Compreende-se o impulso. Principalmente após a Impulse! ter há coisa
de um ano posto ao microscópio uma sessão de gravação perdida – “Both Directions
at Once: The Lost Album”, de 1963 – que veio a entrar nas tabelas de vendas. Na
altura, Ravi Coltrane dizia ao Expresso: “O meu pai foi imensamente prolífico. O
que não quer dizer que, em retrospetiva, se prestarmos bem atenção a cada um
dos seus discos, eles não nos pareçam absolutamente necessários.” Neste
contexto, teremos é que prestar bem atenção ao determinante possessivo: pois
muitos destes discos são mais discos da Prestige do que propriamente discos de
Coltrane (que em 1959 tinha já assinado contrato com a Atlantic).
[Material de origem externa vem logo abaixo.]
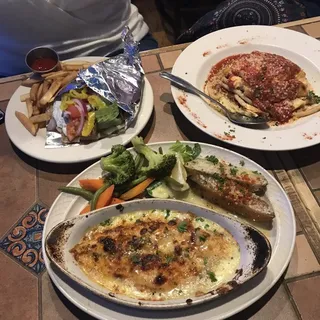 Char-Broiled Snapper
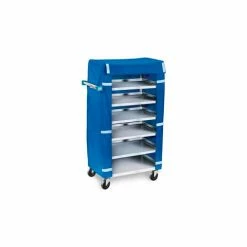 Lakeside® 437 - Economy Late Tray Cart W/ Cover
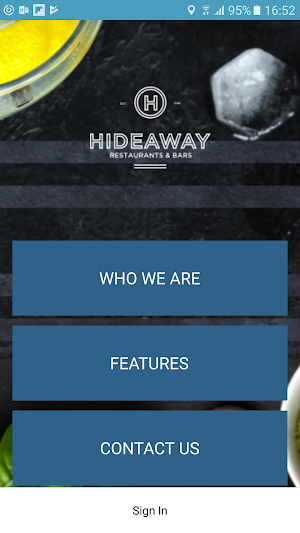 Hideaway Console Screenshot 0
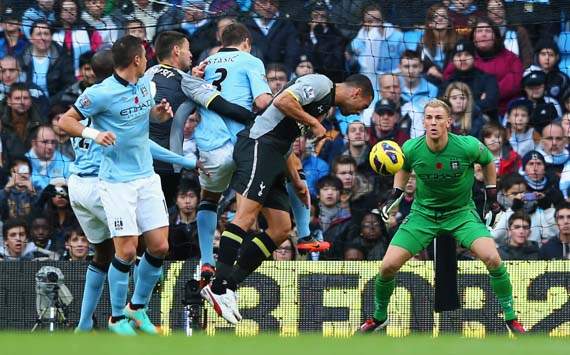 Manchester City winner hard to take for Tottenham, admits Caulker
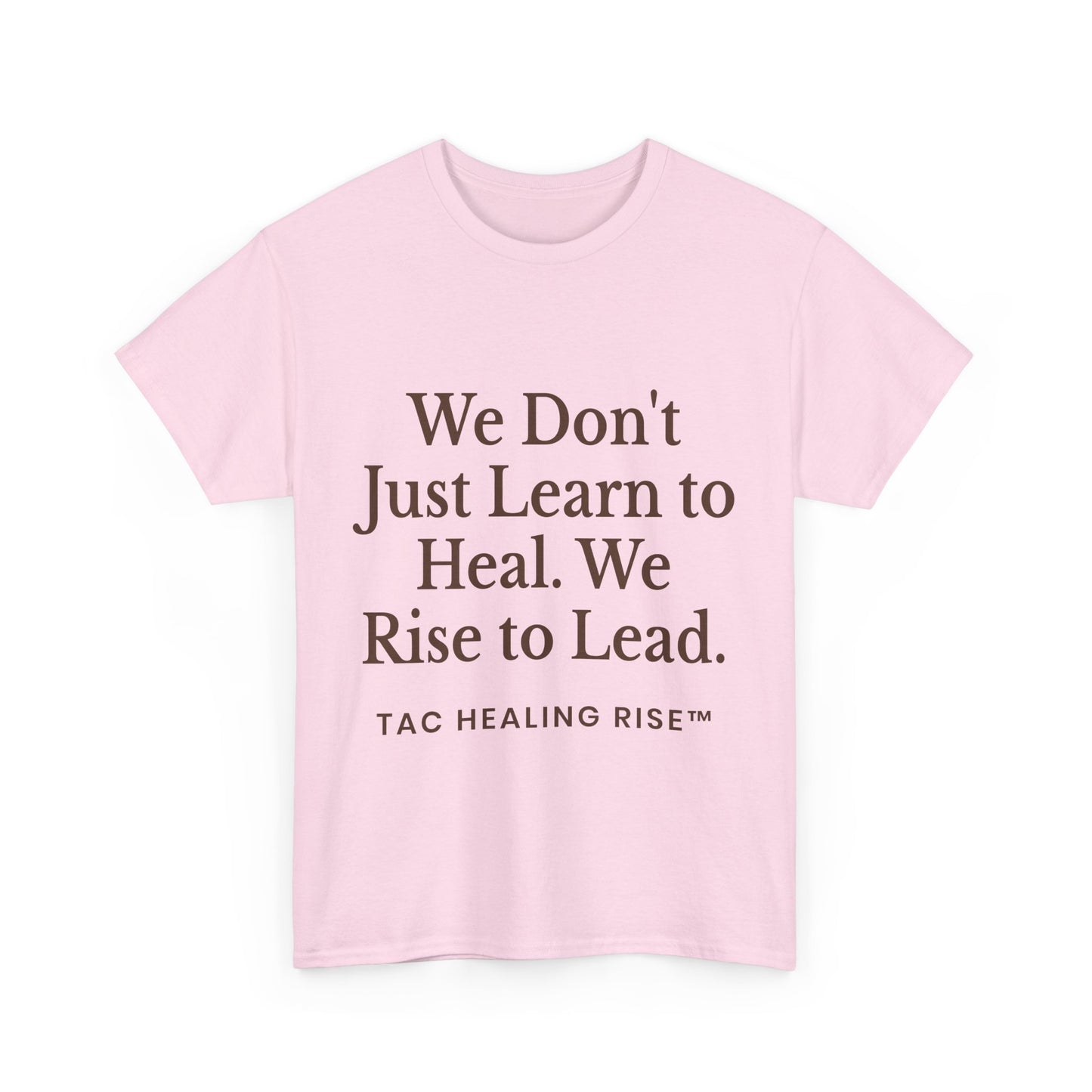 Unisex Inspirational Healing Tee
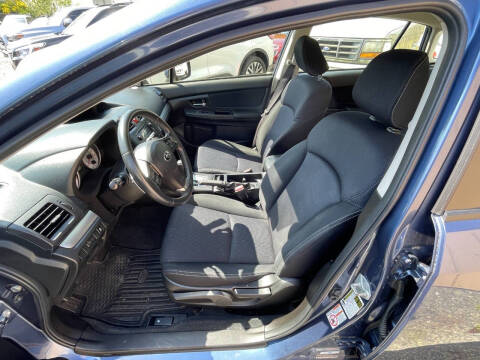 2013 Subaru Impreza 2.0i Sport Premium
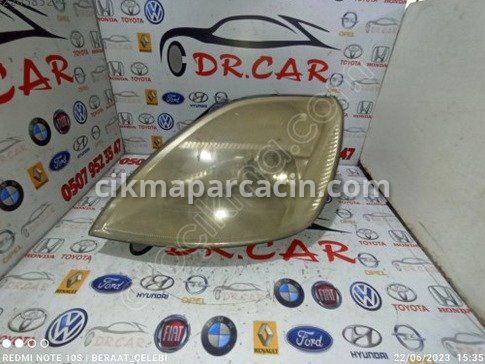 Ford Fiesta Sol Ön Far çıkma parça
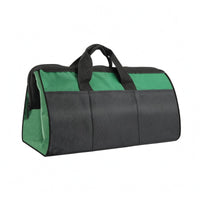 Oxford Tool Bag Thickened Construction Zippered Tool Bag Multiple Pockets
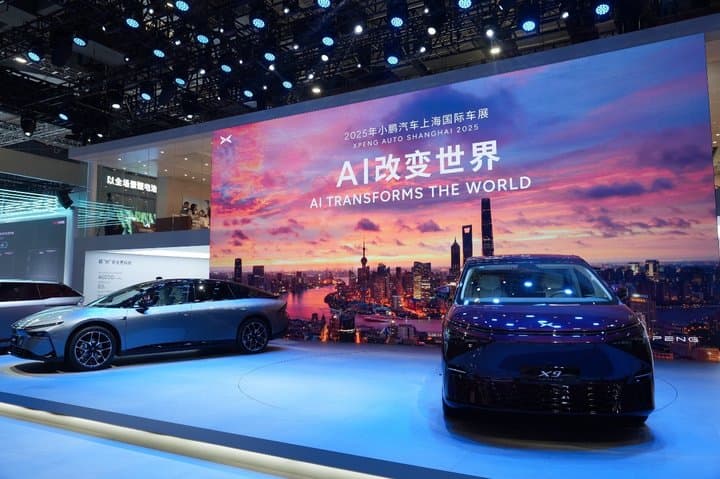 Teknologi Unggulan Xpeng yang Dipamerkan di Shanghai Auto Show 2025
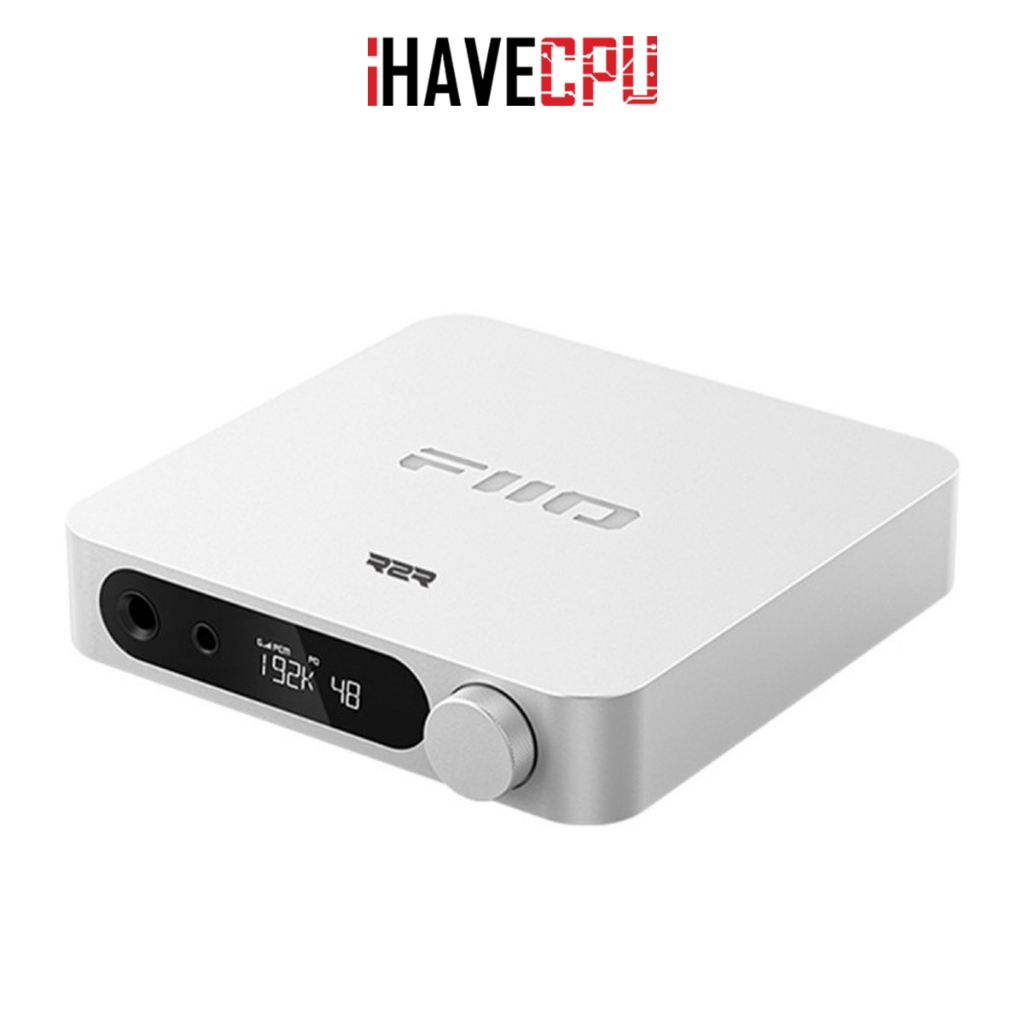 อุปกรณ์แปลงสัญญาณ (ADAPTER/CONVERTER) iHAVECPU FIIO K11 R2R (SILVER)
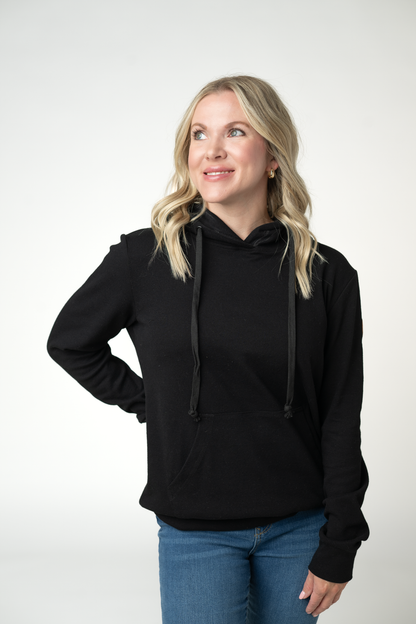 Hailey Hoodie - Black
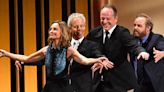 “Ally McBeal” Cast Dances in the Bathroom Together, 21 Years After Show's Finale, During Emmys Reunion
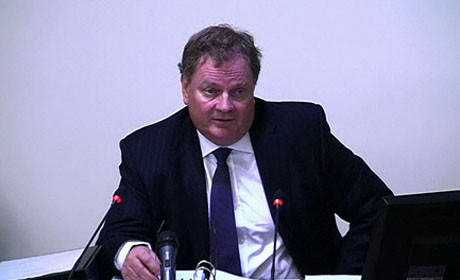 Peter Wright at Leveson inquiry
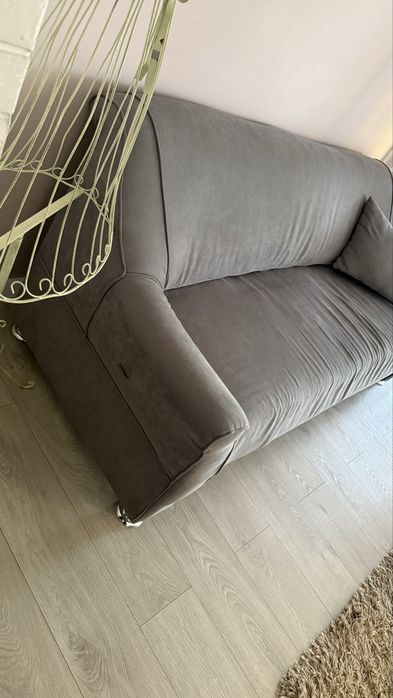 Szara kanpa sofa 4 osobowa biłgoraj szara kanap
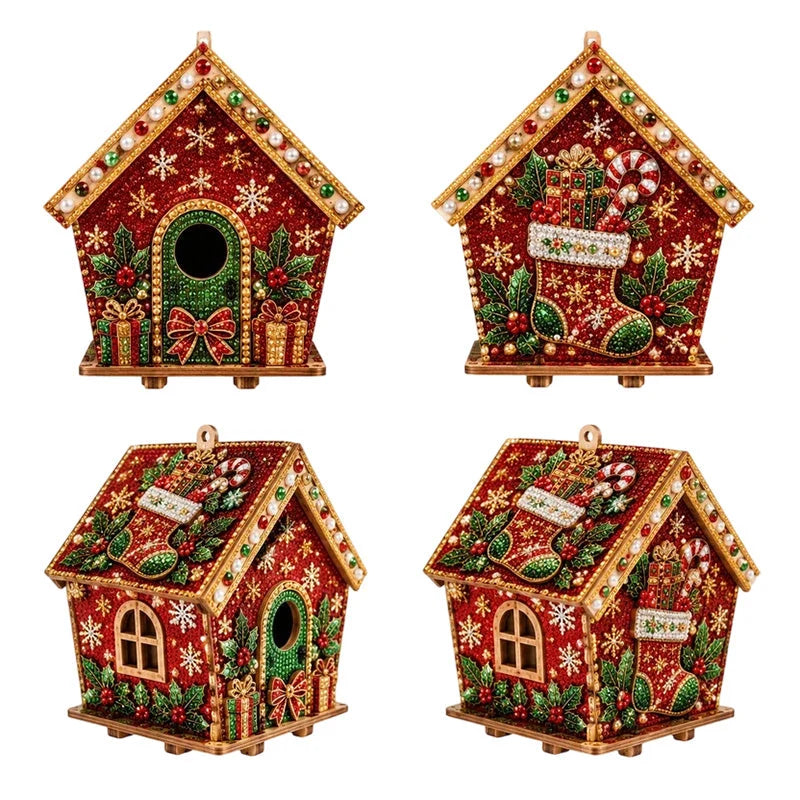 🎁3D DIY Christmas Pearl Art Kit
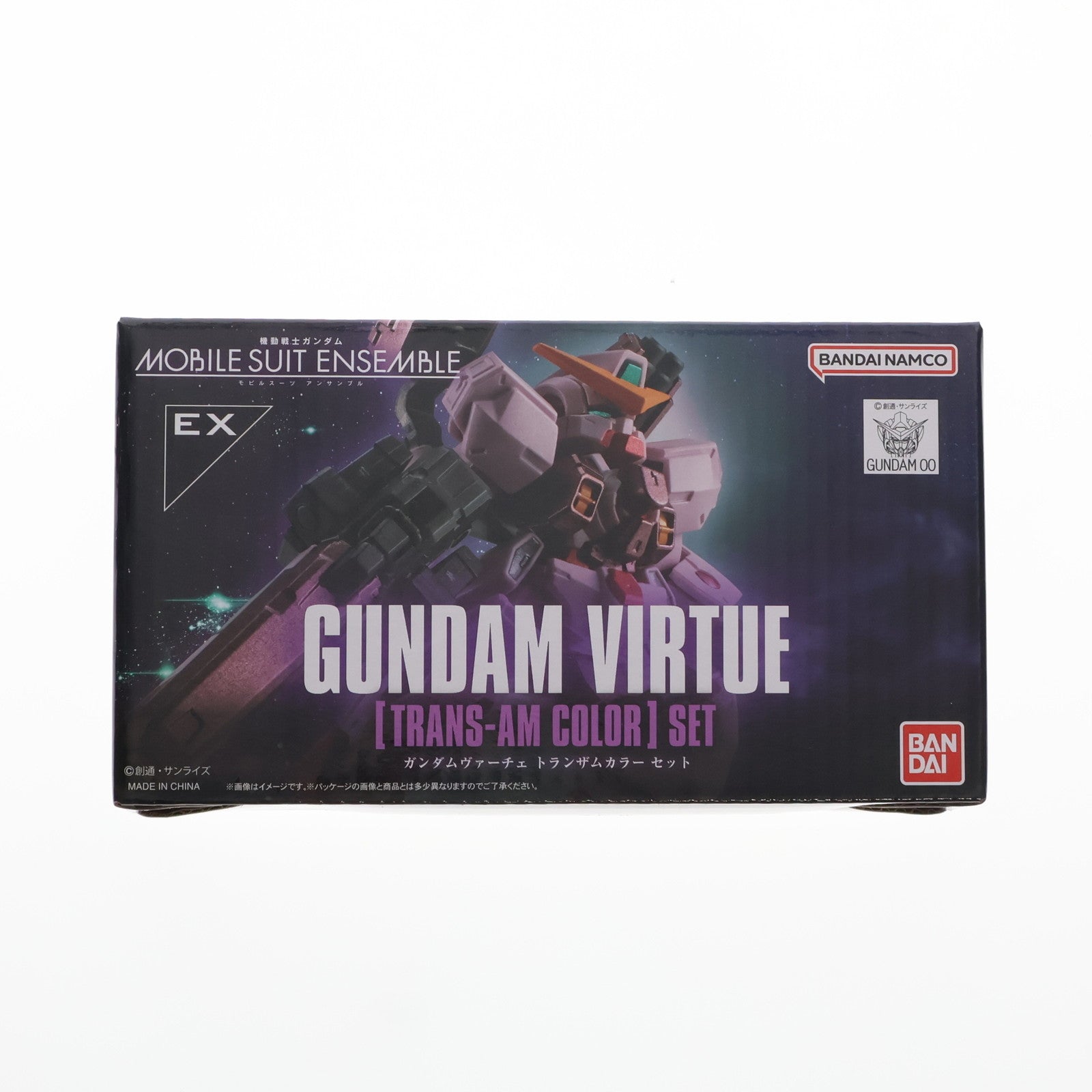 【中古即納】[FIG] プレミアムバンダイ限定 機動戦士ガンダム MOBILE SUIT ENSEMBLE(モビルスーツ アンサンブル) EX ヴァーチェ(トランザムカラー)セット 機動戦士ガンダム00(ダブルオー) 完成品 可動フィギュア バンダイ(20230614)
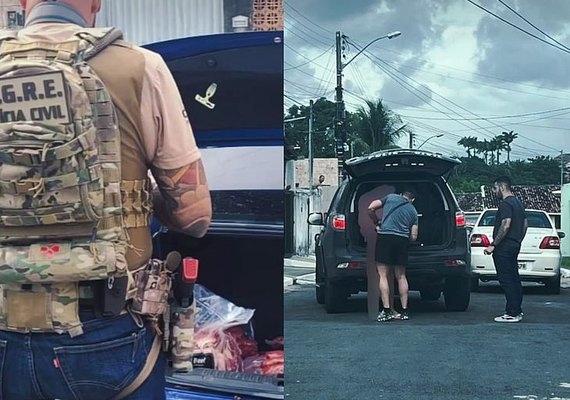 Suspeito de estelionato é preso no Benedito Bentes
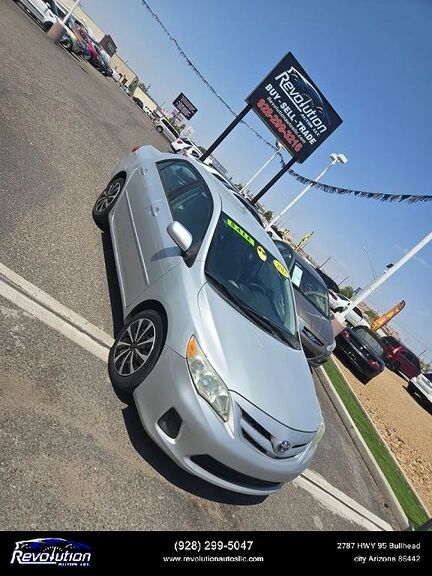 2012 TOYOTA Corolla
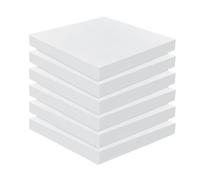 A ATH COLLECTION Upholstery Foam Sheet Premium Quality Cut to Any Size for All type Cushioning Bench, Stool | Window Seat Pads | Sofa, Dinning Chair Pads Replacement Pet Bed (47 x 43 x 5cm)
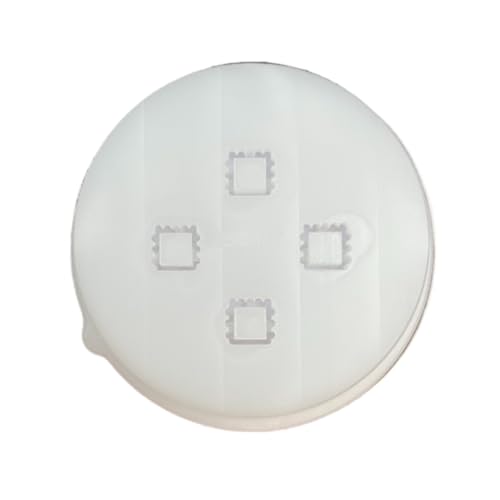 BNN - Avance/Serie 7000 - Makkaroni/Gomiti – Pasta Disc kompatibel mit Philips Pasta Maker Avance/Serie 7000 (Macaroni Square Rigate Curve - 8mm) von BNN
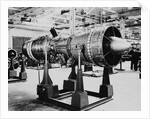 Turbojet Engine for Britain's Avro Vulcan Bomber by Anonymous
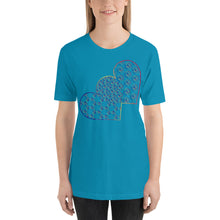 Load image into Gallery viewer, Complementary Hearts Short-Sleeve T-Shirt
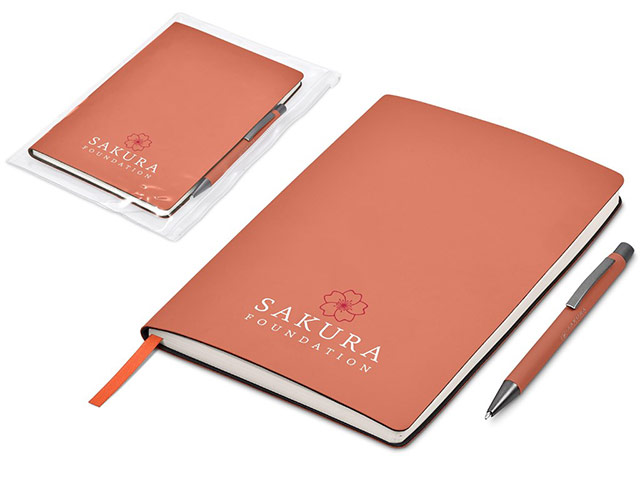Altitude Harper Notebook And Pen Set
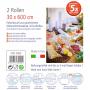 ROMMELSBACHER Ролки за вакуумиране 30х600 см. - 2 броя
Depois de
“Fearless Leader” (6 CD, 2006), “Interplay” (5 CD, 2007) e “Side Steps” (5 CD,
2009), dir-se-ia que o retrato do período – no fundo, o culminar da fase em que,
nos seus solos mais extensivos, andava de porta-paletes a empilhar arpejos à
velocidade da luz – não poderia ficar mais nítido. Mas pode – ainda que
Coltrane, pela sua força e instantaneidade, não deixe de produzir vertigens.